1. Check what’s in stock before doing groceries.
You often have more than you think! Avoid buying too many products and take a look in the fridge before you head to the supermarket.
2. Make a shopping list.
Yes, we know! Supermarkets are filled to the brim with temptations. By doing groceries with a shopping list, you’re less inclined to impulsively buy these products. Only write down what you really need; you’ll notice that you waste less and have more money left at the end of the month.
3. Measurement brings knowledge!
Use a measuring cup for products like rice, pasta et cetera. It will help you to estimate how much food you actually need, which leads to… indeed, less waste!
4. Look, smell and taste before throwing something away.
A wrong interpretation of a product’s best before date is one of the most important causes for food waste. This date is only the quality guarantee of the producer, but it shouldn’t be confused with an expiration date (they do provide the ultimate date for consumption). Just trust your senses before throwing something away.
5. Store food at the right temperature.
Did you know that it’s best to store your tomatoes outside of the fridge? And that 4 degrees Celsius (39°F) is the right temperature for a fridge?
6. First in, first out.
Use first whatever has been in your fridge the longest. It’s pretty self-evident, but choose the ripe banana over the green one and don’t open a new package of cheese if there’s already an open one!

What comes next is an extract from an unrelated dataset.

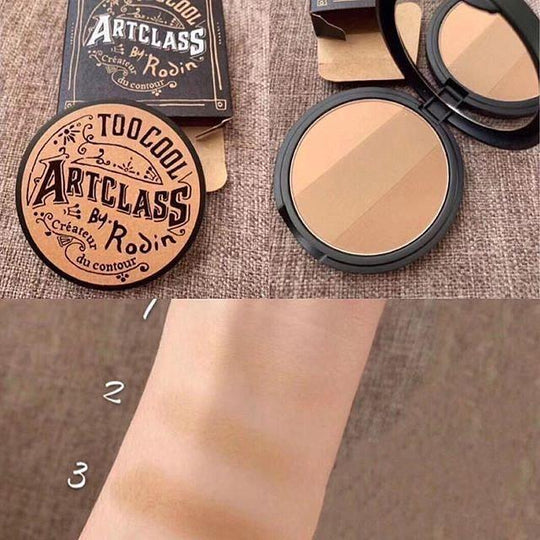 Too Cool For School 3D Art Class By Rodin Makeup Set (Shading 9.5g + Brush) - LMCHING Group Limited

7. Give your products a second life by preserving them.
Fermenting, pickling and curing… It might be something you only vaguely know because your grandma talks about it. It’s a lot easier and more fun than you might think though! Store half a cucumber in a jar with vinegar, water, sugar and chilli peppers and it’ll be the perfect fresh addition to any rice dish. Want to learn more about preservation techniques? Take a look at our cook book!
8. Store your leftovers in well-secured containers.
Do you have leftovers? Lucky you! Store it well (we all have those solid plastic containers), and it will be the perfect meal for when you don’t feel like cooking a few days later.
9. Sharing is caring!
Your friends, neighbors and grandparents are just a few examples of people who’d love to enjoy your cooking skills. Did you know there are apps available on which you can offer your own meals? This goes the other way around as well: take a look when you’re too tired to cook!
10. Rejoyce the animals at your local children’s farm with your leftovers!
There’s one catch: make sure they are allowed to eat what you made, otherwise the joy won’t last for long.